Power is the ability to detect significant effect if they are effectively present.

This 80% is a pratical rule of thumb to evaluate if your screening design may be able to detect main effects efficiently, but let's keep in mind that power calculation depends not only on the design (and its sample size), but also on the significance level (often 0,05), difference size to be detected and expected signal-to-noise ratio (or RMSE) of the response(s).
So if your anticipated RMSE is lower (response(s) is/are measured more precisely and with lower variance) and/or the difference size you want to detect is higher, you might expect higher power for your effects.

Power might not be very interesting to consider in case of optimization design (mixture designs, space-filling designs...), because their primary focus will be on response(s) prediction precision, not estimates calculation precision. But power is of primary interest in case of screening design, like in your case.

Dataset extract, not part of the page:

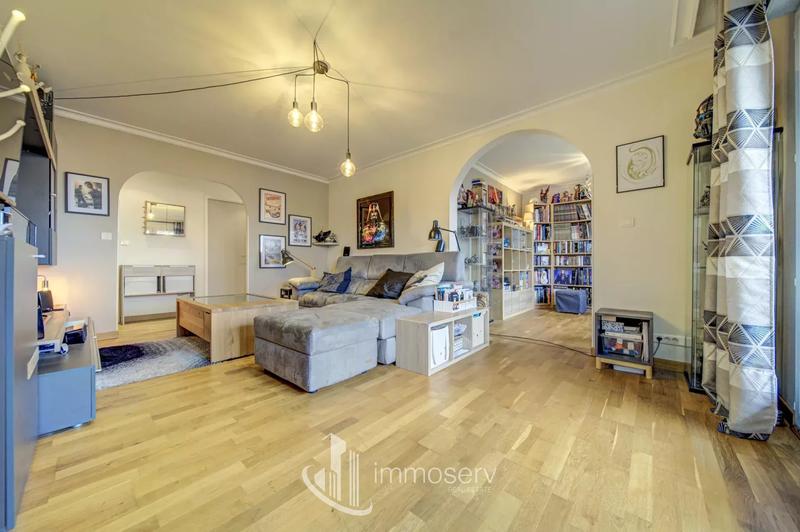 Appartement - 92 m² - 6 pièces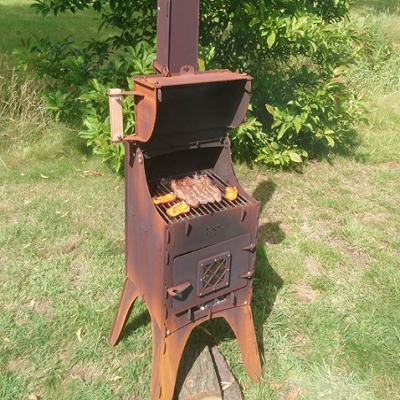 Hout stoken in een kamado bbq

Difficult to tell if we could trust your design with these info, since it depends not only on the design itself and its expectations (RMSE, significance level, difference size to detect, ...), but also on which factors you want to screen, which ones you expect to see significant, expected difference to detect... = domain expertise.

Maybe one solution for you would be to try computing different designs, in order to compare the strengths and weaknesses of the different screening designs.
Looking at the Custom Design, if I fix 12 experiments for 11 continuous factors (minimum number of runs required), I find also power for main effects close to 0,21 (so 21% of chances to see a significant effect if present). But if augmenting the number of runs to 16 (recommended by JMP, "Default" setting), power for main effects rise up to 0,84. If experimental cost is not too much, increasing the sample size may help you a lot to gain more confidence in your screening ability.

Hope this will help you,

Victor GUILLER
L'Oréal Data & Analytics

"It is not unusual for a well-designed experiment to analyze itself" (Box, Hunter and Hunter)

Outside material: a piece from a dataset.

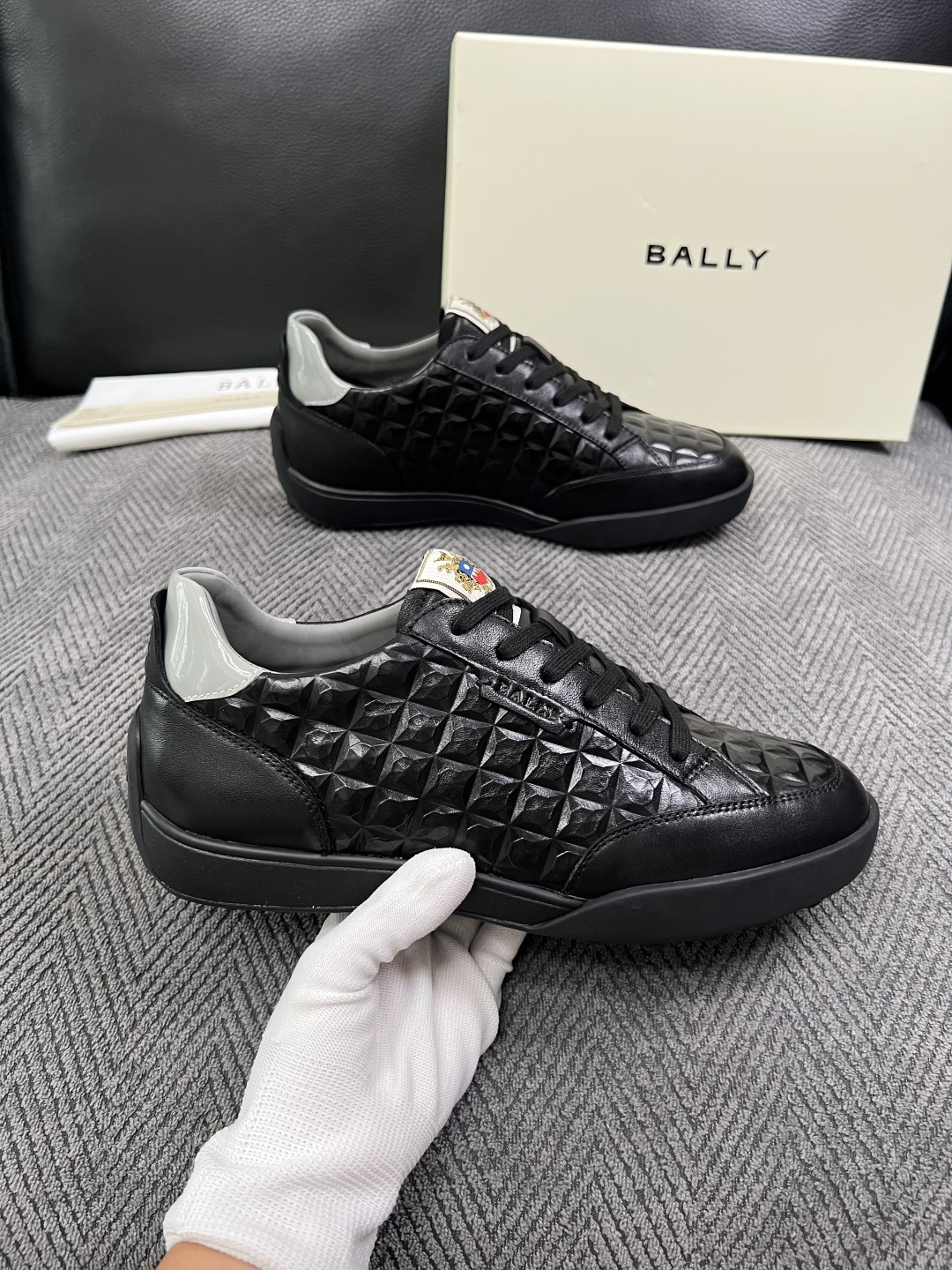 BALLY  高品质  顶级工艺品  巴利 专柜同原厂配置 ，鞋面意大利进口牛皮面料，进口水染牛皮里垫 ，鞋底：原厂特供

Phil_Kay · Jun 7, 2022 06:25 AM

I agree with everything that @Victor_G has said. I just want to repeat that the power is only meaningful when:

You know the size of the signal that you need to detect AND...
You have good estimates of the experimental and response measurement noise (RMSE)

(You also need to decide on a significance level)

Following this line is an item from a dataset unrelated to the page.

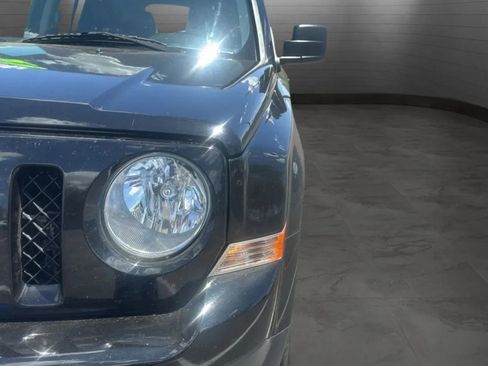 Used 2017 Jeep Patriot Latitude AWD/4WD image 34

It is very common to be missing one or both of these things. In those cases, power can still be useful but only as a way to compare alternative designs.

There is not much point in worrying about whether power is less than 80% if you are just using the default signal and noise estimates in JMP.

I have attached some slides that I created to explain how power works in JMP DOE.

I hope that helps,

Phil

lazzybug · Jun 10, 2022 12:01 PM

@Victor_G and @Phil_Kay, thank you so much for your explanation. It's very useful for me to understand the power and RMSE. I have one further question. For my experiment, I just want to detect which factors in many factors are significant from for my response by screening design, after that I will use response surface to optimize those selected factors. Before experiment, I don't know what's the RMSE, and what coefficient to setup in the power analysis. Can you explain more how I should design my experiment? Thank you so much again.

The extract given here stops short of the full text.